**Exercise**:
Images are not wanted; transcribe the rest of the listing exactly.
### Given information ###
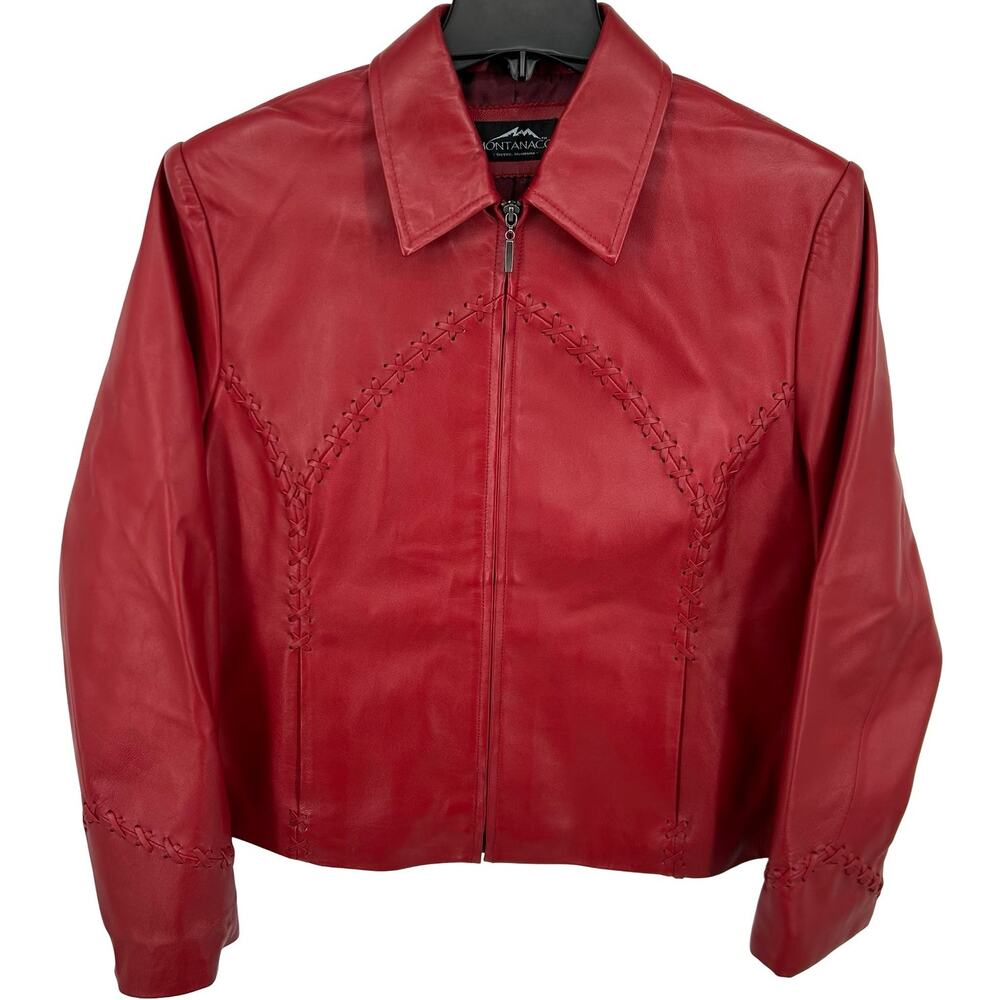 Women's Red Braided Lattice Western Cowgirl Montanaco 100% Leather Zip Jacket XL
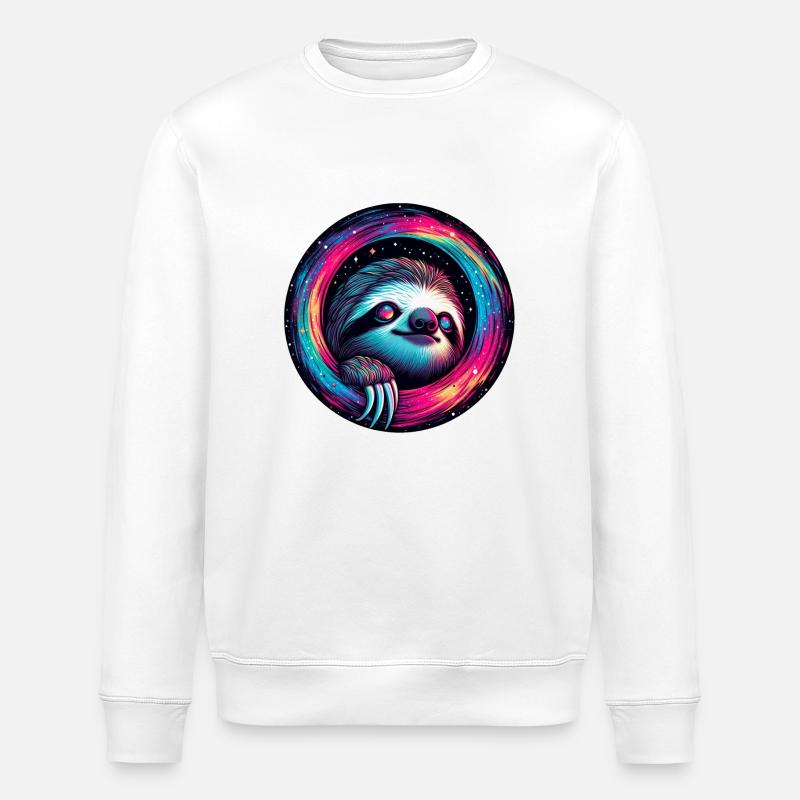 Kosmische Faultiergalaxie Kunst - Stanley/Stella Unisex Bio-Sweatshirt ROLLER - Weiß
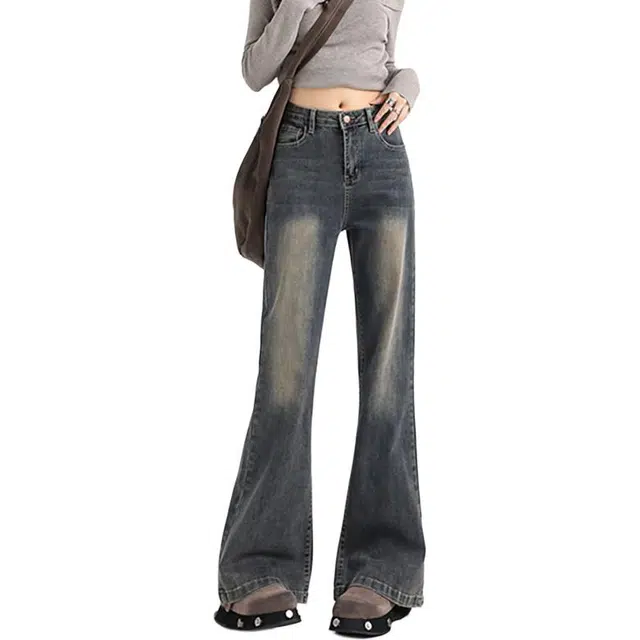 如续 美式做旧高腰设计修身微喇百搭不贴腿喇叭拖地牛仔裤 女款
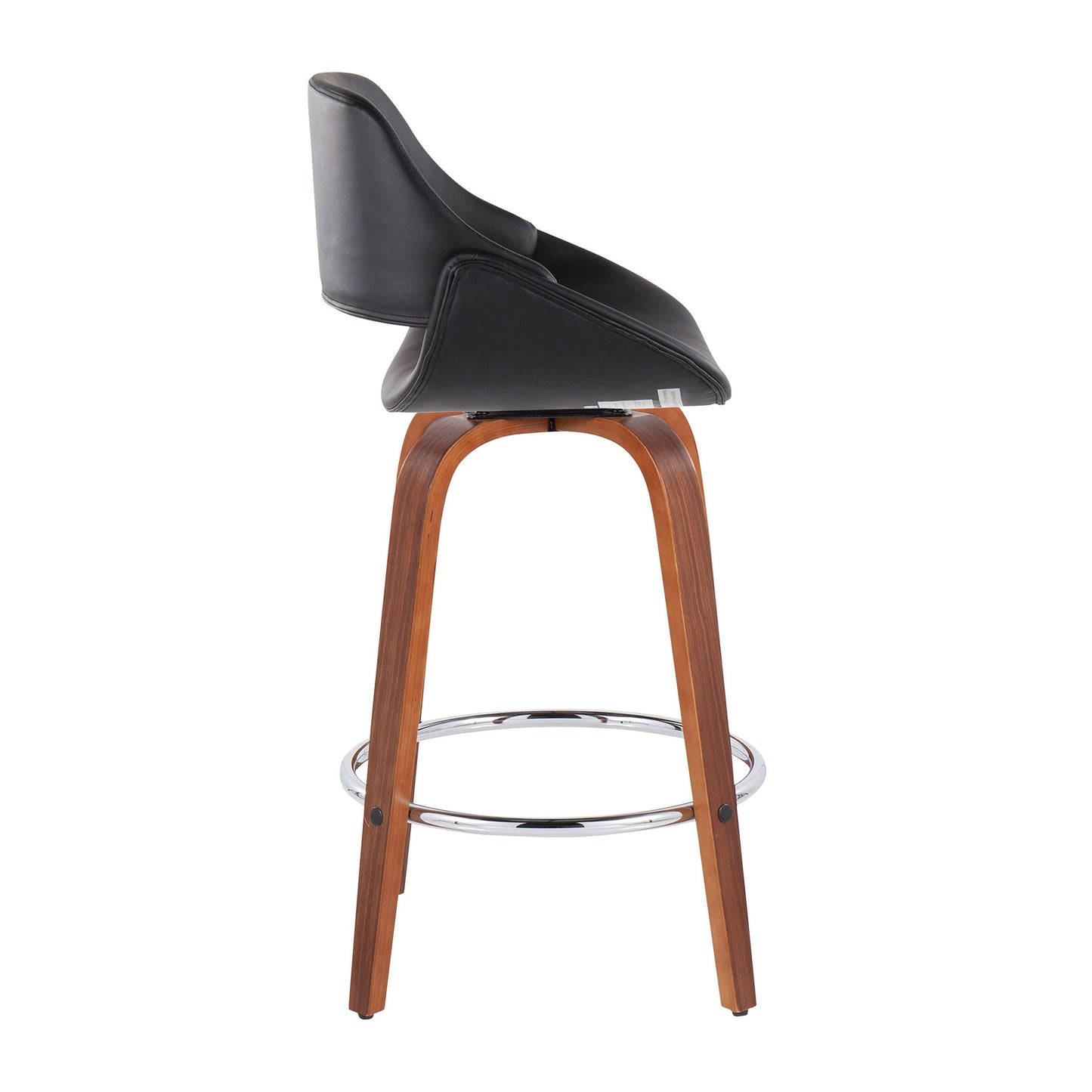 Fabrico - Mid-Century Modern Fixed Height Counter Stool With Round Footrest (Set of 2) - Walnut / Black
###
**Completed task**:
 Women's Red Braided Lattice Western Cowgirl Montanaco 100% Leather Zip Jacket XL
 Kosmische Faultiergalaxie Kunst - Stanley/Stella Unisex Bio-Sweatshirt ROLLER - Weiß
 如续 美式做旧高腰设计修身微喇百搭不贴腿喇叭拖地牛仔裤 女款
 Fabrico - Mid-Century Modern Fixed Height Counter Stool With Round Footrest (Set of 2) - Walnut / Black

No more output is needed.